In my first year facilitating the meeting, two people showed up on the first day, and one was there by mistake (my joke was they thought it was a “Friends of Bill [Gates]” meeting). It was - in the most basic sense of an AA meeting - two drunks talking. On day 2, we increased attendance 100%. And on day three, we added a third.
As we all walked out of the room that last day, I, and I believe the others, had a deep sense of fulfillment and clarity that what we had done was essential. The thought occurred to me that with all the talk on stage and throughout the conference, there was no place and no time in the entirety of the program where a group of people experienced the bond of humanity and connection more than in that room.
This year, attendance doubled again. Over the course of the three days, six people showed up. three came every day, the others came once or twice, with one coming to gauge whether he had a problem or not. We didn’t tell him whether he did or didn’t, we just listened and shared our experiences.
On the first morning of this year’s conference, one woman commented, “I was talking to a friend and told her I was going to an AA meeting at the conference, and she said, ‘what kind of company does such a thing’?” Another said, “This made me feel like I belong here.” One woman informed the group it was her AA birthday. She celebrated 5 years of sobriety that day in San Diego, so we got a cake and celebrated her milestone together.
Organizations rightly focus on ROI. They’re in business to grow revenue, be profitable and maximize efficiency at scale.

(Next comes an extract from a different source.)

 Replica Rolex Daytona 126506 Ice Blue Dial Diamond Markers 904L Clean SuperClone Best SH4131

They invest in service to those goals. More progressive companies, dare I say more human companies, have expanded that traditional purpose and understand that a company must balance the needs of and commitments to all its stakeholders—customers, employees, suppliers, and local communities—and not just its shareholders.
AA meetings are not about ROI, not in the traditional sense anyway. Their purpose is for members to “share their experience, strength and hope” so that they and others may recover from alcoholism and addiction. I like to think of it as “Return on Individuality.” My story is not your story, but in it you may find something to draw encouragement from, something that says you can do it too.

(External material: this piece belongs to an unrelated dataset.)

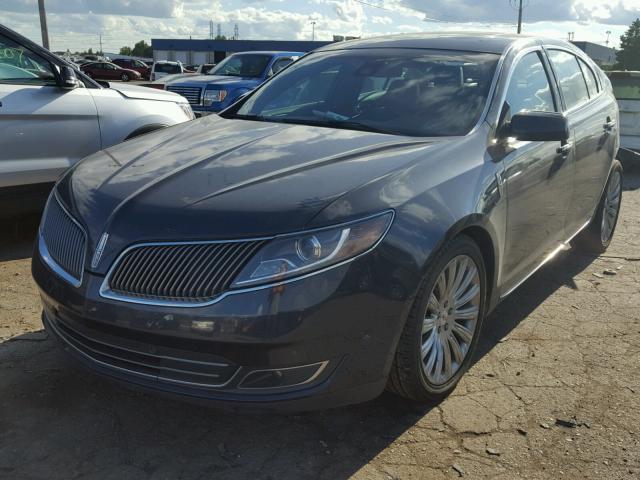 1LNHL9EK3DG608791 - 2013 LINCOLN MKS BLUE photo 2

If we are to make workplaces truly human, then we must acknowledge that every human brings a story with them, a story unlike any other in the world. Companies must make their offices and cultures a gathering place for those stories, for diversity, not just of genders, races, religions, and sexual identities, but of all forms of difference. They must seek a return on individuality, not just a return on investment.
For the attendees of the Friends of Bill meeting at the last two Workhuman Live conferences, having the meeting was a place to ground themselves in sobriety in what can be a challenging environment. They were grateful that Workhuman had the vision and sensitivity to hold such a meeting. It made their attendance more relaxed, more rooted, and more rewarding. It made their experience more human.